Dollface: A Novel of the Roaring Twenties
NAL / November 5, 2013 / $15.00 print, $7.99 digital
America in the 1920s was a country alive with the wild fun of jazz, speakeasies, and a new kind of woman—the flapper.
When Vera “Dollface” Abramowitz captures the attention of two high rollers, a handsome nightclub owner and a sexy gambler, she enters w a world filled with bootleg bourbon and money to burn. Vera thinks her biggest problem is choosing between them, until the truth comes out…
Her two lovers are really mobsters from rival gangs during Chicago’s infamous Beer Wars, a battle Al Capone refuses to lose – shattering Vera’s life and sending Chicago hurtling toward one of the most infamous days in its history, the St. Valentine’s Day Massacre.
The most delicious aspect of jazz-age novels is that they offer the perfect setting for passion-seeking, independent heroines who get themselves into a whole lot of trouble.
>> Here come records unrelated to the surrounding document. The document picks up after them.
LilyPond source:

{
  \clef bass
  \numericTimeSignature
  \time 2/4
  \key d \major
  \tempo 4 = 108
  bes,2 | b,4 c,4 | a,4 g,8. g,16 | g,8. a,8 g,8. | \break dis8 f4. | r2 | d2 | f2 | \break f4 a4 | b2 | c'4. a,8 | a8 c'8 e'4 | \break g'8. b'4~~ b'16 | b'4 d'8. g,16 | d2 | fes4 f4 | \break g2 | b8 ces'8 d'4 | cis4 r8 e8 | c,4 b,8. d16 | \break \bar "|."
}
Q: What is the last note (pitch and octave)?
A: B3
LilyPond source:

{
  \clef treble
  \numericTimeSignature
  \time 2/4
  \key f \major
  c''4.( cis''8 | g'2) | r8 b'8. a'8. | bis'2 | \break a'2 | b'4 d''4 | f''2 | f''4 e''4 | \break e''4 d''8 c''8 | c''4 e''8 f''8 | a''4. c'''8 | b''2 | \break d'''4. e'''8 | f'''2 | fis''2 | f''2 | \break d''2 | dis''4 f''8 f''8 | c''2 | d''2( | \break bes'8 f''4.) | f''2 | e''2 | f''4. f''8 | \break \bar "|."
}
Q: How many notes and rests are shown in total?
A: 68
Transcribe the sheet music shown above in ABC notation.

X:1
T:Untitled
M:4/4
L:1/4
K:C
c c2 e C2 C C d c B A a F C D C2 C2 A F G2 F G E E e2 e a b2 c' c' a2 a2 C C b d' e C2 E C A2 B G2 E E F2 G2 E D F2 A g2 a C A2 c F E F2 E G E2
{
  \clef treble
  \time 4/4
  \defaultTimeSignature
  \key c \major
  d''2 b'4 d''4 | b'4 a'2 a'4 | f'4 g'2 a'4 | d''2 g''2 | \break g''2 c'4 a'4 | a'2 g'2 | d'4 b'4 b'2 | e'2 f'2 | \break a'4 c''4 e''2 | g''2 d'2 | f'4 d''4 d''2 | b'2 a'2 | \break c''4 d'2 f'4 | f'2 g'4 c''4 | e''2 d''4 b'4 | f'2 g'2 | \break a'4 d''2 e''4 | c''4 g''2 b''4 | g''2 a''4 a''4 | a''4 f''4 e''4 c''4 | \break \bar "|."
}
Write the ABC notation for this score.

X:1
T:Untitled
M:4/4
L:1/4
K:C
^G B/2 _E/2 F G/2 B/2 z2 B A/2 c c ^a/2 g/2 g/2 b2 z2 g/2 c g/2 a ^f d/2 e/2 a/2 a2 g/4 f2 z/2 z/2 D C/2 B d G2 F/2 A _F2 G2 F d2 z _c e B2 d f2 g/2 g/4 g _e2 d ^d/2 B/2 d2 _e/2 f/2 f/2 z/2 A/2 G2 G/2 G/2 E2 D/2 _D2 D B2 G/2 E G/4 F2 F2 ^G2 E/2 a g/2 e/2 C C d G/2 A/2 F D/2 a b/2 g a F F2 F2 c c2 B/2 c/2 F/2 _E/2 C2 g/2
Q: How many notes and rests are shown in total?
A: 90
Renée Rosen’s Dollface offers just that kind of complex, fascinating leading lady with Vera Abromowitz, an eighteen-year-old, newly independent young woman living with her best friend in 1924 Chicago. Vera, an only child, was raised to be a nice Jewish girl in Brighton Park. But any hope that she would have a normal life was dashed when she was four years old, the year her father’s body was found behind a saloon: “His head, hands and feet were missing. Butchered like an animal.” The murder, an act of organized crime, cast a pall of fear over her entire childhood.